# Do puppies changing



## Harpers mummy (Oct 27, 2017)

*Do puppies change much*

Hi iv just brought home 2 days ago my first cockapoo Harper. Harpers mum is a red cocker and dad a poodle but at the moment she looks very much like a cocker with a most of her body coat smooth will this change we love her anyway but curious thanks 

any puppy and adult photos would be great to see x


----------



## jb&cooper (Jul 24, 2017)

Our Cooper is much more Cocker than Poodle however we've found over the last few weeks that his legs and chest have gotten a lot longer and more wavy/curly than his body!

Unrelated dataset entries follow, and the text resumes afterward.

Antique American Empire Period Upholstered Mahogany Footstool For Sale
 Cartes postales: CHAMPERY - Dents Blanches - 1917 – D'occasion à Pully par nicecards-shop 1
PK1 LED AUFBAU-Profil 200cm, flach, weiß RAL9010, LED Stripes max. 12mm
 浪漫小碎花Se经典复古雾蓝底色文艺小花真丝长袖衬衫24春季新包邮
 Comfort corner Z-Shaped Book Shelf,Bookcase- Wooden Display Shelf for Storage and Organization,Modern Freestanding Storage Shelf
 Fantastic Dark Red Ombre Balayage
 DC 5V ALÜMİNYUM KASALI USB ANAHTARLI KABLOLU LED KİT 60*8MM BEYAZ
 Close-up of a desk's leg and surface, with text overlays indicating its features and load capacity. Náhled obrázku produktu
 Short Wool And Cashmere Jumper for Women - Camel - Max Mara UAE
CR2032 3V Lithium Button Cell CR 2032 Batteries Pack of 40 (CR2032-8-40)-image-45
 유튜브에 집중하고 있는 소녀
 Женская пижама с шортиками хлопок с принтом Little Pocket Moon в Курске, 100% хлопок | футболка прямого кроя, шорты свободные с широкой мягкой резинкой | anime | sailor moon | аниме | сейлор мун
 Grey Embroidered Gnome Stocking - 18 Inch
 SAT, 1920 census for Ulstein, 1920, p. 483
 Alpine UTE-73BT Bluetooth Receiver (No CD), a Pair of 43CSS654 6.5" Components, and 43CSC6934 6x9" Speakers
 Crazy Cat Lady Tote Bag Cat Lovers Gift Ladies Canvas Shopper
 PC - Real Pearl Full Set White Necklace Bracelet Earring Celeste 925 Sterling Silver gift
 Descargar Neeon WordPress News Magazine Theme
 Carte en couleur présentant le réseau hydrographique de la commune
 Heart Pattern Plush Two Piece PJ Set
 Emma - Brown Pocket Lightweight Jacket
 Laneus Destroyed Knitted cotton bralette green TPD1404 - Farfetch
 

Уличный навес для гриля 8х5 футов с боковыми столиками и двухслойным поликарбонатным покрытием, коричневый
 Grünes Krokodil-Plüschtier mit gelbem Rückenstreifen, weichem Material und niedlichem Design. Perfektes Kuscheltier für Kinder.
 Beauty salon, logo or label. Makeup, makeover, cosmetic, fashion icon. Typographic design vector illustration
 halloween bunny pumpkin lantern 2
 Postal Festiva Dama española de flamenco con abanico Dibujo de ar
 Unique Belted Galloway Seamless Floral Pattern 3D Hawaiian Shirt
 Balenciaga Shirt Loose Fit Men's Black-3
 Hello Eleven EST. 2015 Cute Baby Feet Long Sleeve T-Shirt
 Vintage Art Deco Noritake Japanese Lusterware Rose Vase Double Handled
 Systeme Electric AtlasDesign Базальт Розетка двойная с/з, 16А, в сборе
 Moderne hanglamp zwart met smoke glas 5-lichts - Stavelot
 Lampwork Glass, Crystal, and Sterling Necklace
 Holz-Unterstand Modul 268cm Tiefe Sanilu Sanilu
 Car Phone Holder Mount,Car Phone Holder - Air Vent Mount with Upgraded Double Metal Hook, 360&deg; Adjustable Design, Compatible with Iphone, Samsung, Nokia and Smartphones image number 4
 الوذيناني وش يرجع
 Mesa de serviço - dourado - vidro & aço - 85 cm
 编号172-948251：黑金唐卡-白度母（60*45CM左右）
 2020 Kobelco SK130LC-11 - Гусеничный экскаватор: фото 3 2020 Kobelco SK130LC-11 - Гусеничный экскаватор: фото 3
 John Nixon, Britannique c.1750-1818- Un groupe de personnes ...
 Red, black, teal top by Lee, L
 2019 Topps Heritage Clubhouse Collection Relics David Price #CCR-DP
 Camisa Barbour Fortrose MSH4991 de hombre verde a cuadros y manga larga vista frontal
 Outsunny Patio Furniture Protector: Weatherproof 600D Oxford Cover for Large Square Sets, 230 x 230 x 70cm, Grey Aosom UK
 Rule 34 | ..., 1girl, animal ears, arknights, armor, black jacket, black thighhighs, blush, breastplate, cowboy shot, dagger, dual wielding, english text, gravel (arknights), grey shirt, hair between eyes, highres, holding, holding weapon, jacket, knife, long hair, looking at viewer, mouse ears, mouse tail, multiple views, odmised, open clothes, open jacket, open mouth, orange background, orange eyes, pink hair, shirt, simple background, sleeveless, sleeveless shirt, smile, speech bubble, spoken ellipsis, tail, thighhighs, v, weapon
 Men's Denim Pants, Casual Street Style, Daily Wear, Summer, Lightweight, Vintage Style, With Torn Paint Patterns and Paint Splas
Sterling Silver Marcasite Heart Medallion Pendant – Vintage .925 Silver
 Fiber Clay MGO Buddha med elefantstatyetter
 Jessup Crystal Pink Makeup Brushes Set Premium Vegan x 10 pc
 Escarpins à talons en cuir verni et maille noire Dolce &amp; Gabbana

I think it can change as they get older and when the adult coat comes in it can be slightly different however see what others say, I'd be interested to see some puppy to adult photos too

Cooper is only 16 weeks now so we'll be finding out alongside you


----------



## GreenEnvy (May 1, 2017)

Might get more curly, but I suspect it will be similar to what you see now.
Attached is Kira at 7 months. She has some longer tufts on her legs and tail, but mostly short hair. She barely sheds at all.


----------



## LuckyCockapoo (May 29, 2017)

Lucky was slightly wavy - straight at 9 weeks, as he’s grown it’s become wavy with loose curls on his chest and on his head. Def not curly like a poodle but also not shedding (at 7 months)


----------